En principio se presentan diferentes perspectivas teóricas para abordar el análisis de los movimientos sociales. Podemos decir que desde una perspectiva sociológica tradicional, la noción de acción colectiva encuadra a los MS en relación con procesos sociales e históricos de un nivel macro social (las acciones colectivas tienen un objetivo –o un blanco– exterior, hacia el cual –o contra el cual– se dirigen las acciones). Sin renegar de la importancia de los análisis macro, considero que se pueden realizar mayores avances por medio de la investigación empírica de los MS si optamos por estudiar sus formas organizativas, sus representaciones sociales y el tipo de relaciones, negociaciones y discursos que establecen con sus contextos y con los actores sociales a los que interpelan. Por la forma en que plantean las reivindicaciones, sus concepciones sobre el poder, el Estado, las modalidades de realización de acciones sociales, las prácticas de discusión y toma de decisiones, etc., podría objetarse que este abordaje no parece aún suficientemente macrosocial, y que es más apropiado a las organizaciones fuertemente estructuradas de la era industrial que a las características flexibles y posmodernas de la “sociedad en red” contemporánea que plantea Castells. En este sentido, sostengo que se plantea la necesidad de un doble abordaje. Por un lado, la exigencia estratégica de estudiar los MS actuales como formas de acción colectiva que se construyen en función de las condiciones económicas, políticas y sociales críticas de este nuevo milenio. Este cuadro global externo es el que genera el contexto para la acción social de los MS (por ejemplo, la organización de los Foros mundiales y regionales). Una segunda perspectiva de análisis, complementaria a la anterior, consiste en comprender la emergencia de nuevas y diferentes formas de organización, surgidas de las actuales condiciones de existencia social y de la vida cotidiana. En otras palabras, además de observar las condiciones políticas y económicas externas y objetivas, se ha hecho indispensable conocer las condiciones internas de los mundos de la vida que generan el contexto psicosocial en que los individuos y los grupos cultivan sus entornos sociales y culturales.

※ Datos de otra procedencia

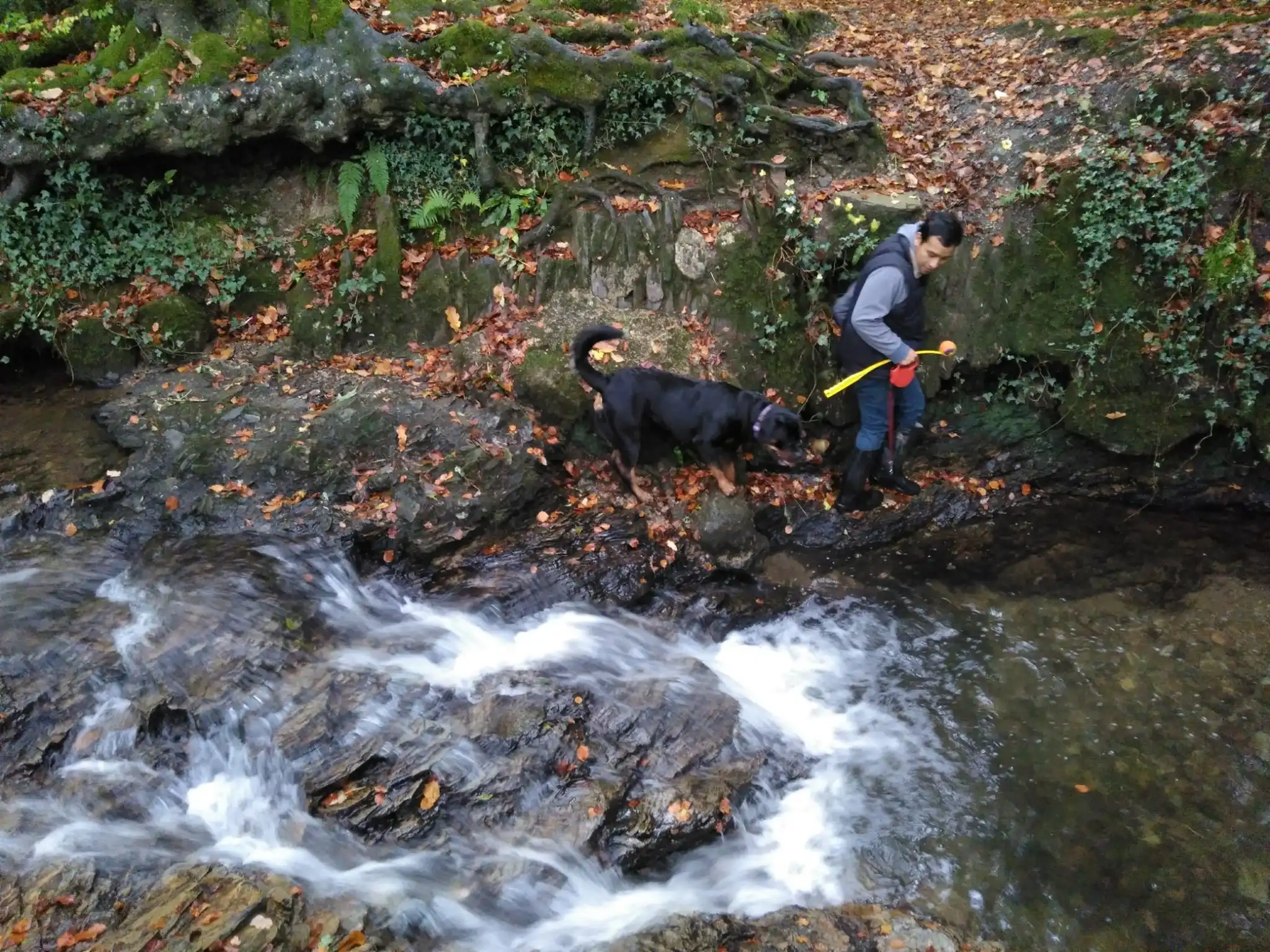 image-34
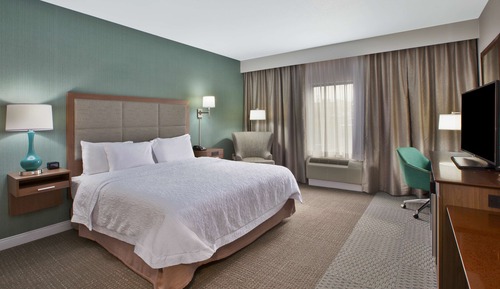 Room, 1 King Bed, Accessible, Non Smoking (Roll In Shower)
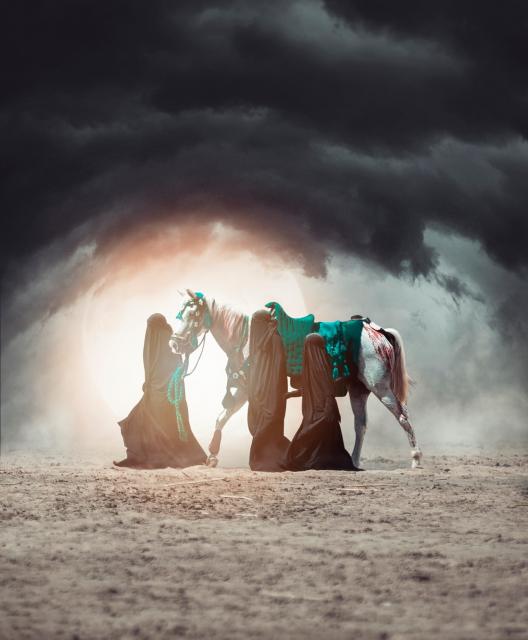 أليس هناك حلول سلميّة أخرى ... لماذا الشهادة ؟
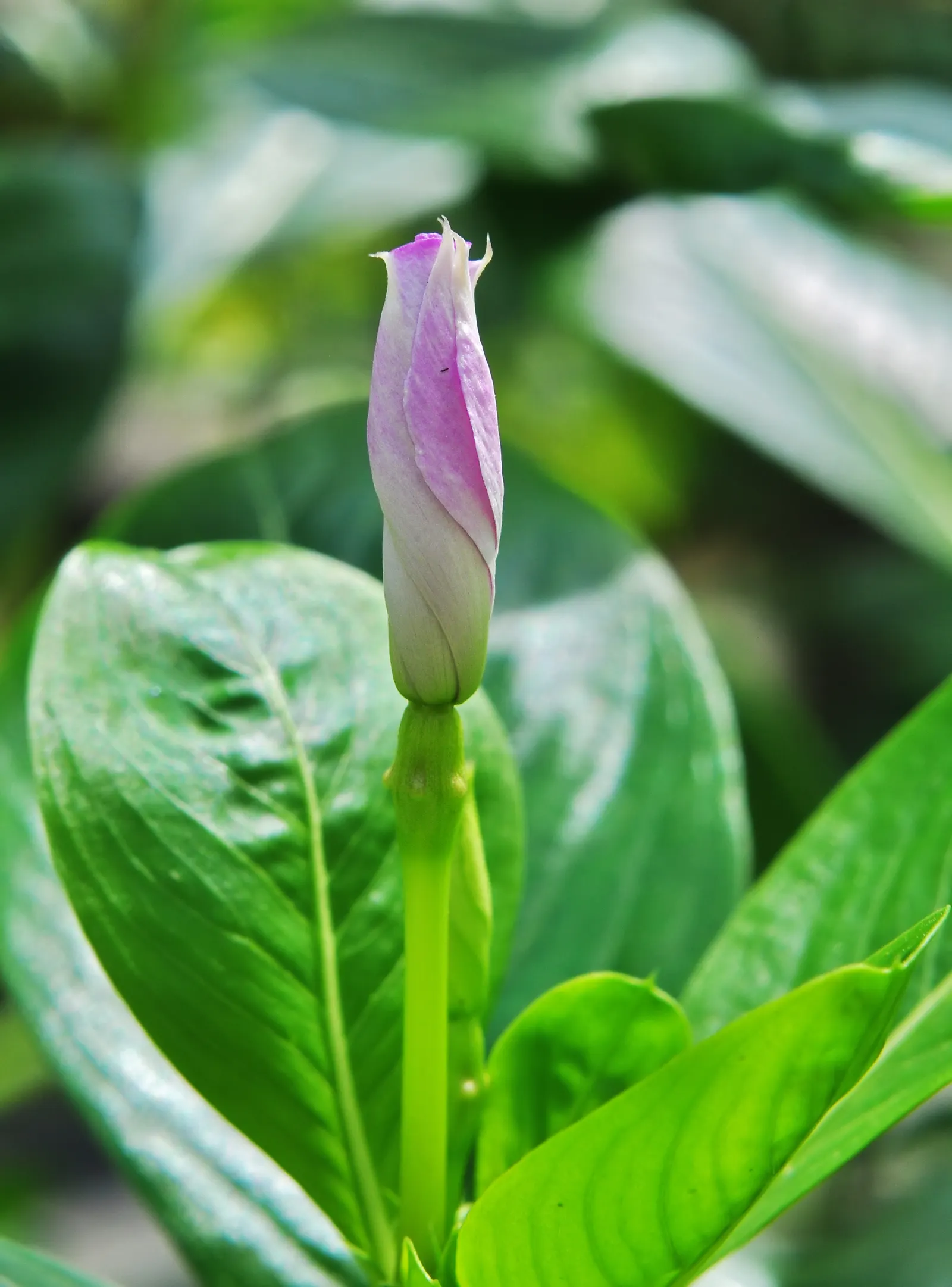Vinca Rosea, Madagascar Periwinkle (Catharanthus Roseus) — ground cover / perennial for full or half; bringing life and color to their garden space, image 88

Considero que se pueden definir seis dimensiones o ejes de análisis comunes y compartidos por todos los colectivos sociales: 1) sobre las técnicas y los conocimientos y prácticas instrumentales de acción; 2) las relaciones de poder instituidas (sus prácticas y sus dispositivos); 3) las acciones de resistencia y transformación (¿instituyentes?); 4) las formas de apropiación de tiempos y espacios; 5) la reconstrucción de los vínculos (familia, amor, amistad, instituciones de contención); y, finalmente, 6) el enorme universo de la cultura, la comunicación y las formas simbólicas.

Metodológicamente, las seis categorías se pueden considerar como variables teóricas, con dimensiones, indicadores y observables que en nuestros trabajos de campo se describen e interpretan por medio de un “Dispositivo de análisis” (al que he denominado de Socioanálisis; Vizer, 2004/2005). La hipótesis original establece que toda forma de organización social se (re)construye a sí misma como un sistema complejo sujeto a la (re)producción (cultivo) permanente de sus elementos y de la trama de relaciones de interdependencia mutua entre los individuos que constituyen la organización. «Los individuos y las poblaciones reconstruyen, modelan y cultivan sus propias ecologías (ecologías físicas, sus tiempos y espacios ambientales, sus entornos socioculturales, afectivos e imaginarios); reconstruyen –por medio del trabajo– su medio ambiente transformando la naturaleza, sus propias culturas, sus estructuras e instituciones sociales, sus tecnologías y sus vínculos» (Vizer, 2004).

Los movimientos sociales representan una forma específica e históricamente diferenciada de organización social surgida hacia fines del siglo XIX, como manifestación de sectores sociales fundamentalmente urbanos que han cobrado conciencia de hallarse sujetos a condiciones de vida no sólo injustas o restrictivas, sino además compartidas por un sector o grupo social identificable e identificado.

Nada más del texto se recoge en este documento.